How To Support Large Scratchpad Memories

It is common for accelerators to have dedicated (e.g. on-chip/on-package) memory that is usually much faster to access than DDR (system RAM) as well as much smaller in size. This kind of memory is then used as a ‘scratchpad’ where chunks or tiles of input data are streamed to this memory from DDR, potentially modified by accelerator cores and streamed back to DDR. This differs from approaches where accelerator cores read from and write to DDR directly, which would likely be much slower due to DDR latency.

While dedicated accelerator memory comes in many configurations and serves different purposes, in this section we focus on two different use cases: dedicated global memory and dedicated shared memory.

Dedicated Global Memory

With the first kind, kernels can use global buffers in just the same way as if they were stored in DDR, with no or minimal changes to the kernel source. Performance is improved not only due to smaller latencies but also by avoiding having to transfer data between the CPU and the accelerator or perform cache management operations between kernel invocations. Managing this kind of memory is done on the host side, by passing a special flag when creating buffers at the SYCL level or using a hardware-specific entry point at the OpenCL level.

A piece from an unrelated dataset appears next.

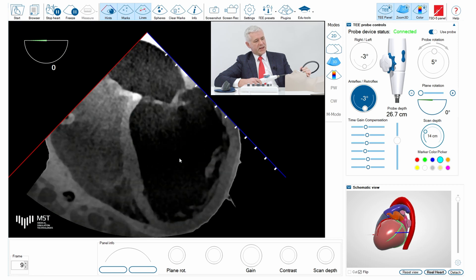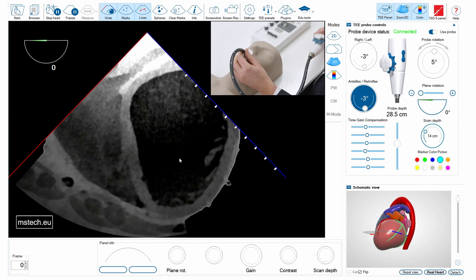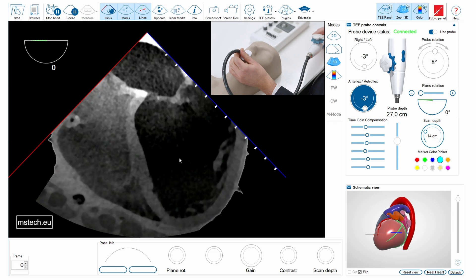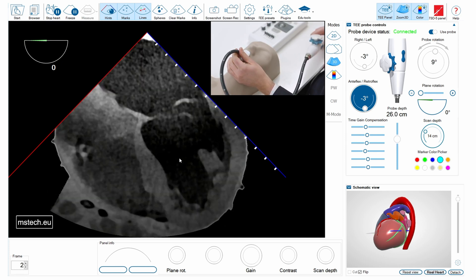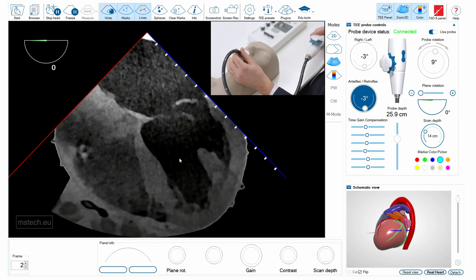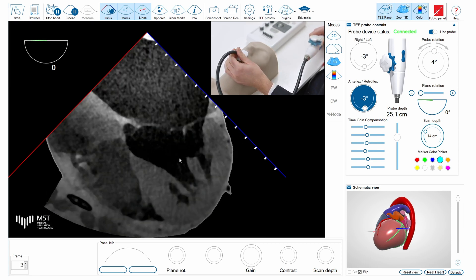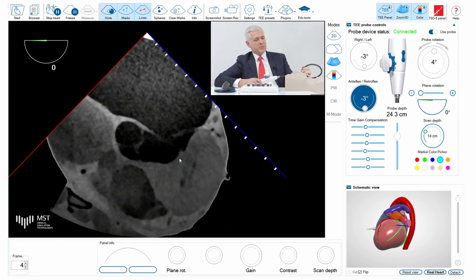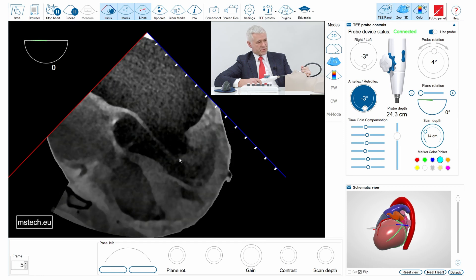I can scan from the mid-esophageal deep projection showing the posteromedial commissure, then pull back showing the center of the valve. This is a very oblique, off-axis view. Going to the five-chamber view, we can probably see P1, A1, and the anterolateral commissure.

For this use case, the memory needs to have certain characteristics. It needs to be accessible to all execution units in the same way (i.e. cores do not have their own ‘private’ chunk of this memory) and persist across kernel invocations. The memory does not need to be mapped in the CPU’s address space but there needs to be a mechanism such as DMA to transfer data from and to global (DDR) memory. It would be desirable for memory transfers to happen concurrently with kernel execution to allow double-buffering. The accelerator ISA would also provide load and store instructions that can handle both DDR and scratchpad memory addresses.

Dedicated Shared Memory

With the second kind, memory is mapped to execution units in such a way that not all units can access all of the memory. For example, units (cores) might be grouped into clusters, each of which has its own slice of memory that is not accessible to other clusters. Each core in the cluster then ‘shares’ the memory, hence the name. This kind of memory resembles OpenCL and SYCL local memory, however it might not completely align with that model. There might be multiple clusters in a work-group (i.e. the memory might not be visible to the entire work-group), and there might also be ways to trigger (DMA) transfers between shared memory and DDR from kernels. By letting the accelerator manage the memory transfers using in-kernel DMA transfers, performance is improved by avoiding synchronization between CPU and accelerator.

For this use case requirements are not as strict and variations between different hardware architectures are expected to be much greater than for the ‘dedicated global’ memory use case. This might take the form of OpenCL/SYCL local memory with added in-kernel DMA builtin functions, a new memory address space or even memory that is generally sliced by execution cluster and accessed directly by cores in the cluster but with special DMA operations that allow transfers between clusters. In general, the expectation is that this kind of memory behaves in a more special way from the user’s perspective compared to the first use case.

Implementation Notes

With both approaches it might not be possible to expose scratchpad memory using existing concepts in the OpenCL/SYCL memory model, and it may be necessary to tag in-kernel pointers in such a way that they are separate from global and local pointers. This might be due to a standard address space being backed by different kinds of memory (e.g. DDR or scratchpad in the dedicated global memory use case) and wanting to expose hardware-specific features that can only be used with scratchpad memory. In this case a new (custom) address space needs to be implemented in the compiler front-end (e.g. by adding a new language keyword to extend the OpenCL C language) as well as other parts of the compiler. Special handling of kernel arguments with this new address space may be needed in the runtime (ComputeMux target). See Address Spaces for more details on how address spaces are handled in the compiler.

While it might be easier for the user if dedicated memories are exposed using standard compute concepts that fit the OpenCL/SYCL model, hardware idiosyncrasies and features sometimes require a proprietary extension to the standard in order to fully take advantage of these hardware-specific features. With the oneAPI Construction Kit this involves creating a new OpenCL extension, which could introduce new entry point functions to the OpenCL host as well as new builtin functions that can be called by OpenCL C kernels. Exposing hardware-specific functionality through builtin functions is described more in detail in the Mapping Algorithms To Vector Hardware section.